The AI I wrote about right before quarantine is now helping me laugh through it
Hi there,
I recently finished a longform feature for Quanta on "artificial common sense"—my first piece of science writing produced under quarantine conditions.
What I love about this story is the funny paradox at its core. Common sense is an ability to infer what's "obviously" true about everyday situations, but computers have a hell of a tough time with it. So, to make new progress on the problem, a researcher used a neural network whose superpower is bullshitting.
Wait, what?
Read the story; it'll all make sense.
About 2 weeks after that piece ran—and 9 weeks into our increasingly maddening new normal—I discovered that another AI expert had bent that same bullshitting neural network to a different, much dumber, but arguably more valuable (to me, anyway) purpose.
He used it to make a website that generates dorky made-up dictionary definitions.
The site is called This Word Does Not Exist, and it is helping keep me sane with every snorting, nerdy snicker I get out of it. To wit:
My wedding anniversary is coming up, maybe I'll slip that term of endearment into the card.
Should that be my new Twitter bio?
Anyway: your mileage will vary, but I get enough consistent laughter out of this AI toy that I set my browser up to open to the page automatically. Hitting refresh on it a few times makes a great chaser after reading the morning headlines.
Do you have anything like that, these days? Something that you can count on to spark a moment of silly, brainless, not-remotely-Marie-Kondo-related joy?
If not, try to find one. It's just common sense. {groan}
(Sorry: intentionally inflicting that bad dad-joke/magazine-kicker on you is another thing that brings me brainless joy.)
Take it easy,
J
PS! I can't resist recommending 3 more things in this department (feel free to hit reply and do the same):
- "Angle Dance", a music video (from the classic 80's educational TV show Square One) designed to teach 12-year-olds about geometry via Weird Al-level musical parody of New Wave tropes. It commits and it is The Best. If it were a single on iTunes I would buy it.

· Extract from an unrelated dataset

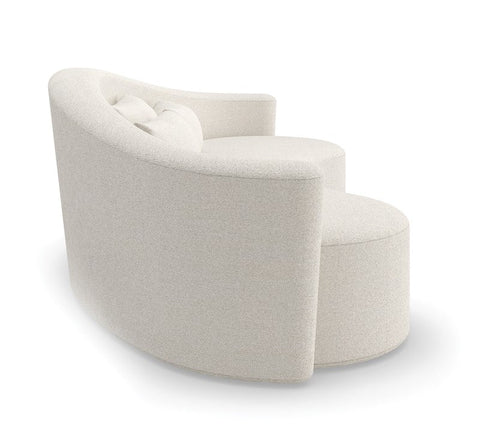 Luna Curved Asymmetrical Sofa in Beige Boucle for Contemporary Living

- "Saving Apollo 13", a podcast about, well, you know. This is a deeper dive into the technical details of what really happened, and it's really neat to mentally compare with the movie. But honestly the main selling point is that the narrator has an on-11 Irish accent ("Apollo Tertane") that just sounds musical and soothing even while he's going on about executing controlled burns or whatever.
- Txt.fyi: "the dumbest publishing platform on the web" (which I would have used to write this PS, except it's undergoing maintenance as I compose this). It's fun. Also, this composition on it is what the inside of my brain looks like during quarantine.